> [EXERCISE]
Each entry below must be repeated exactly, with pictures left out.

-- DATA TO USE follows --

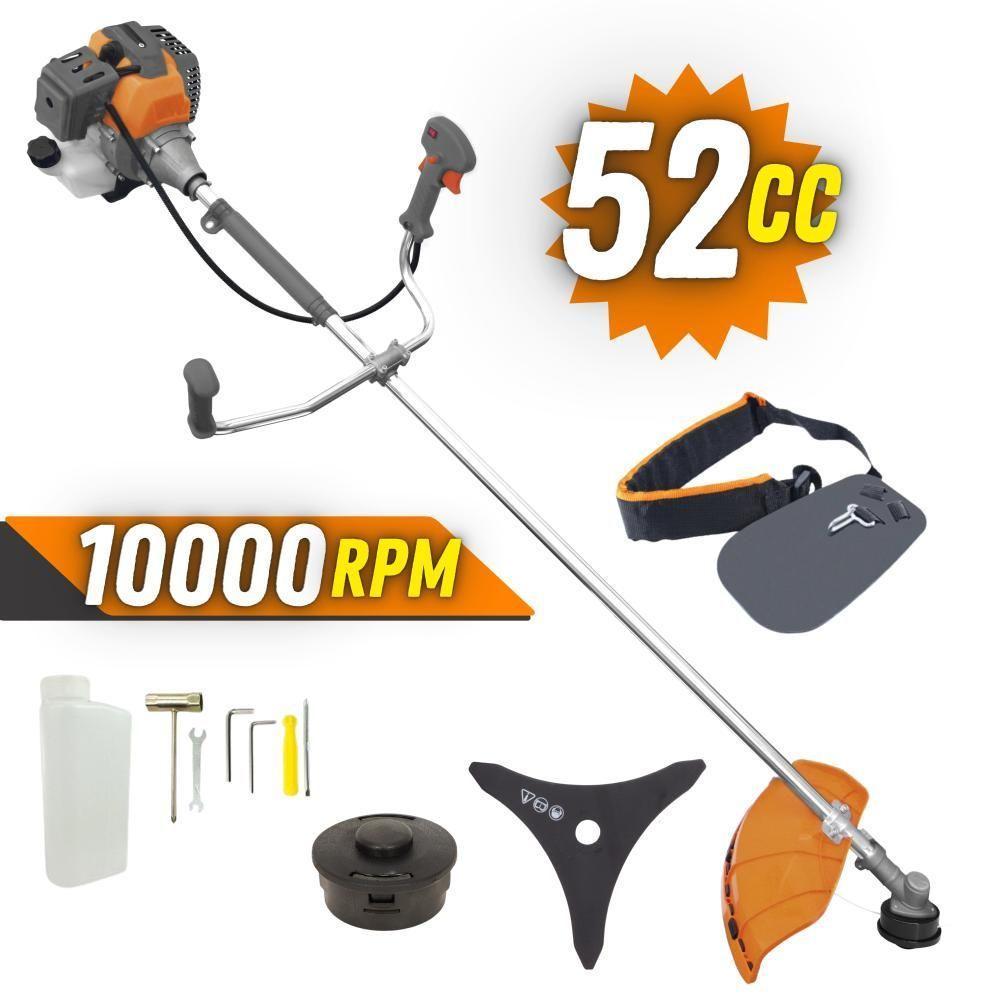 Roçadeira Gasolina Tekna Rl520p 2t 52cc 2hp Alta Performance - 6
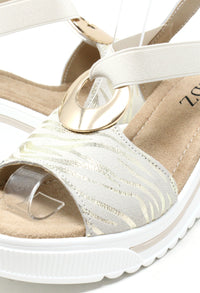 Leopard Wedge
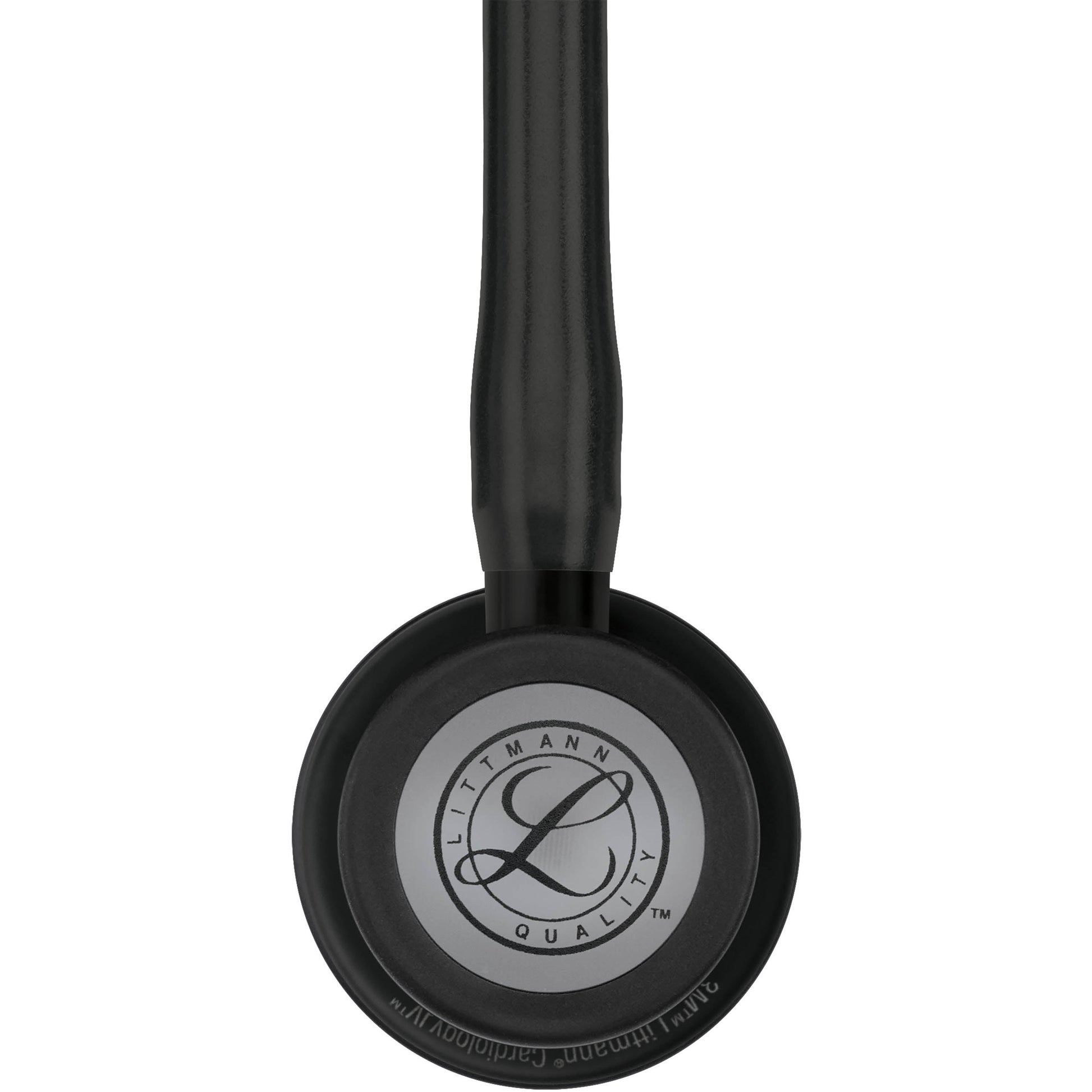 Littmann Cardiology IV Stethoscope: All Black 6163 - Student Program 3M Littmann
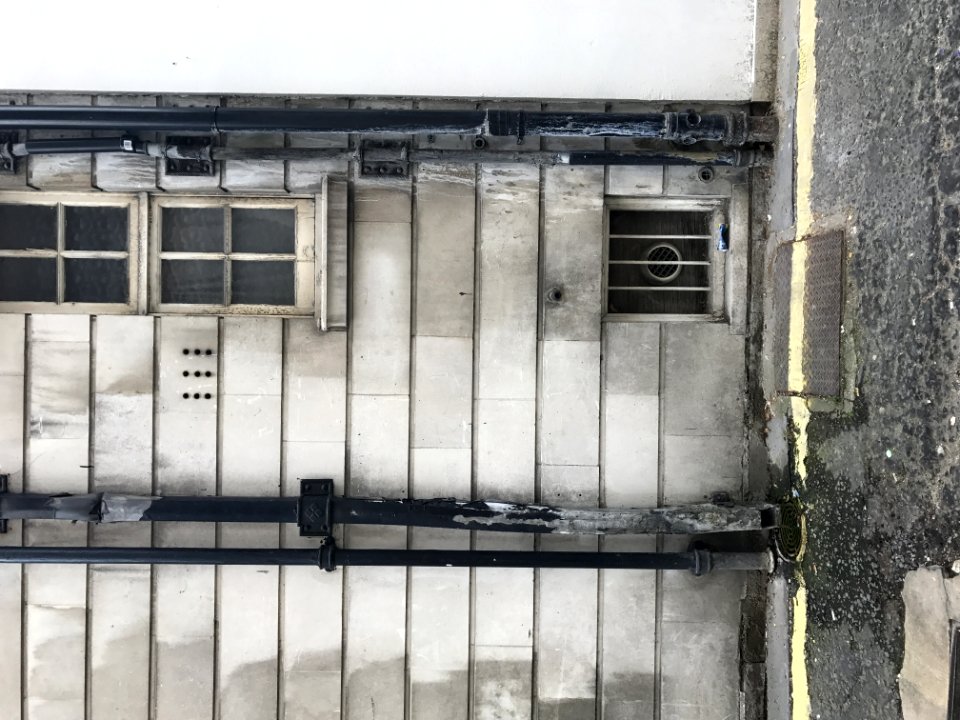 Infrastructure Architecture Wall Building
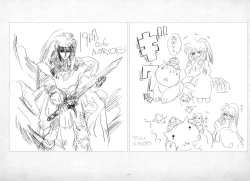 Page 80 of ALICESOFT ORION SCRIBBLES with CROQUIS ULTIMATE EDITION VOL.1 織音計画特別版  ラフ画集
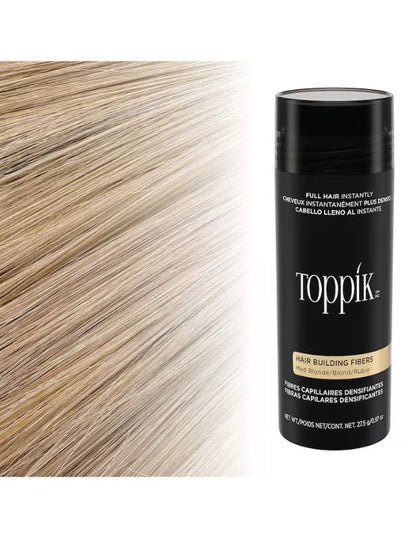 TOPPIK Hair Building Fibers - 27.5g (Medium Blonde)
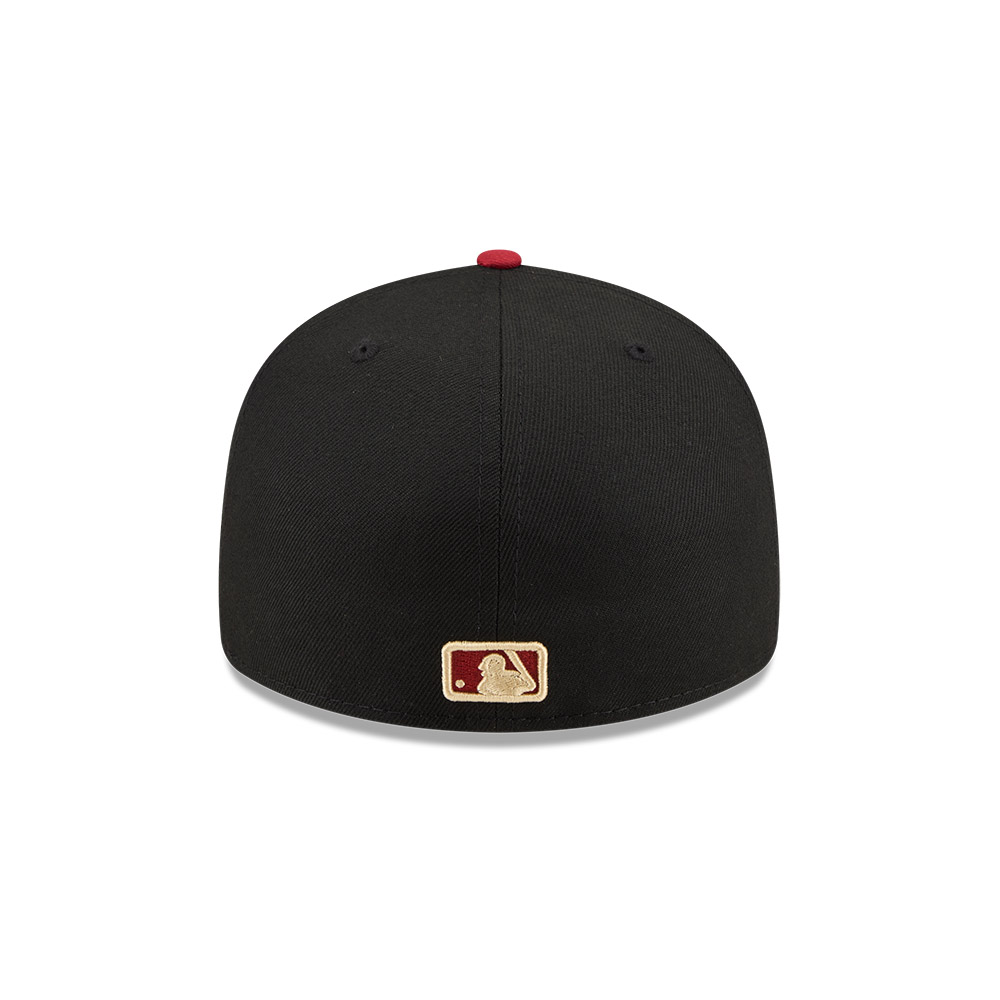 GORRA 59FIFTY MLB NEW YORK YANKEES TEAM CARDS NEGRO - 5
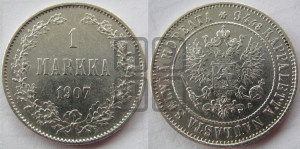 1 марка 1907 года L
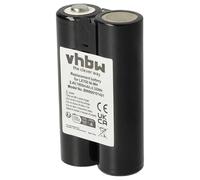 vhbw Batterie Compatible avec Cordless Click Plus M-BAK89B Optical Mouse, Rak89B Optical Mouse Souris sans-Fil (1800mAh, 2,4V, NiMH)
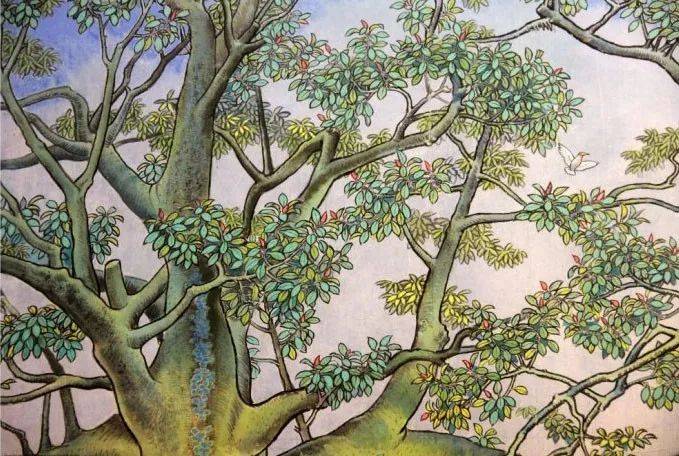 几乎被遗忘的中国现代艺术大师_祝大年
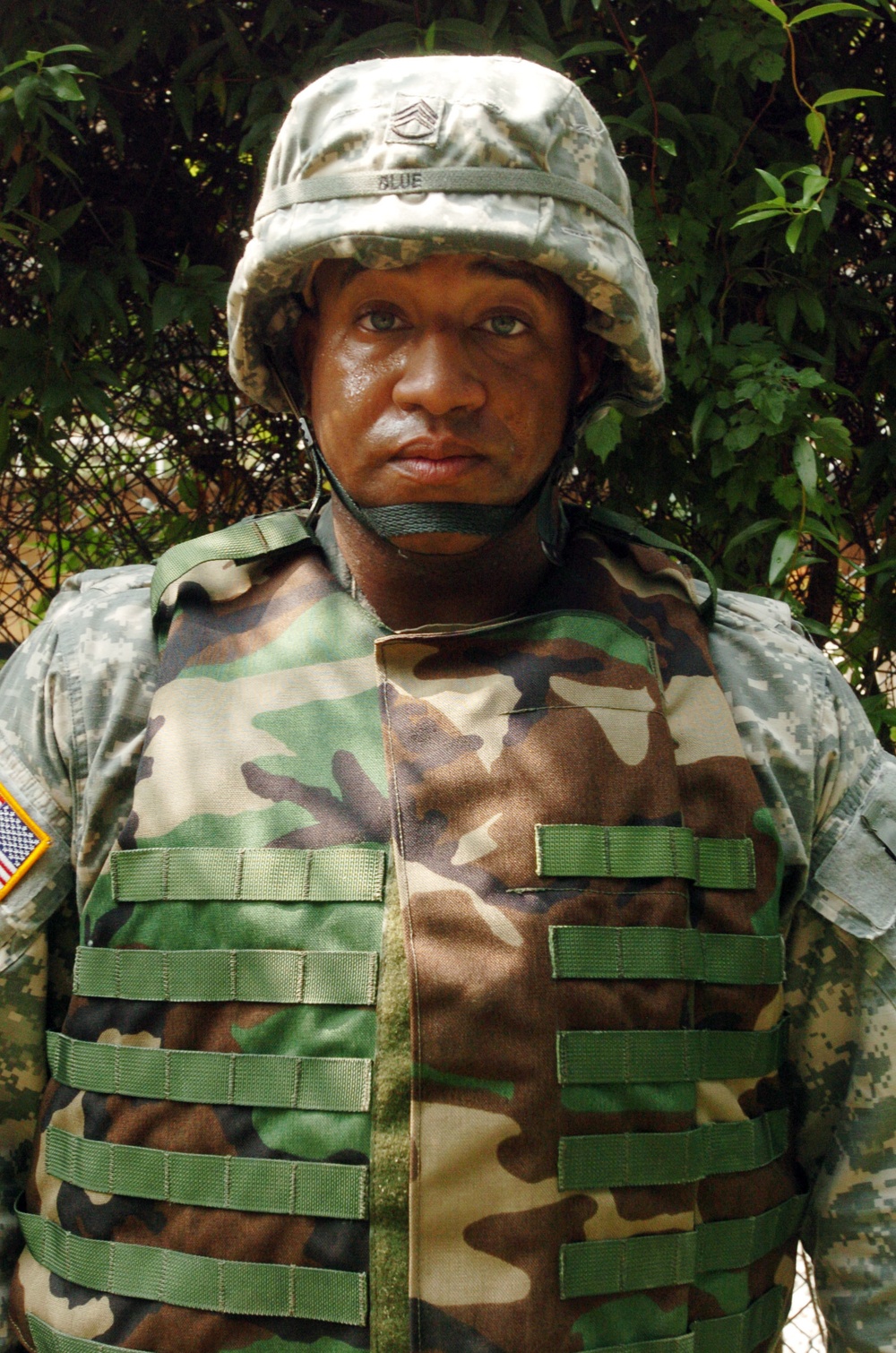 2007 Third Army NCO of the Year Competitor - Staff Sgt. Blue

-- DATA TO USE concluded --

> [ANSWER SECTION]
 Roçadeira Gasolina Tekna Rl520p 2t 52cc 2hp Alta Performance - 6
 Leopard Wedge
 Littmann Cardiology IV Stethoscope: All Black 6163 - Student Program 3M Littmann
 Infrastructure Architecture Wall Building
 Page 80 of ALICESOFT ORION SCRIBBLES with CROQUIS ULTIMATE EDITION VOL.1 織音計画特別版  ラフ画集
 TOPPIK Hair Building Fibers - 27.5g (Medium Blonde)
 GORRA 59FIFTY MLB NEW YORK YANKEES TEAM CARDS NEGRO - 5
 1 марка 1907 года L
 vhbw Batterie Compatible avec Cordless Click Plus M-BAK89B Optical Mouse, Rak89B Optical Mouse Souris sans-Fil (1800mAh, 2,4V, NiMH)
 几乎被遗忘的中国现代艺术大师_祝大年
 2007 Third Army NCO of the Year Competitor - Staff Sgt. Blue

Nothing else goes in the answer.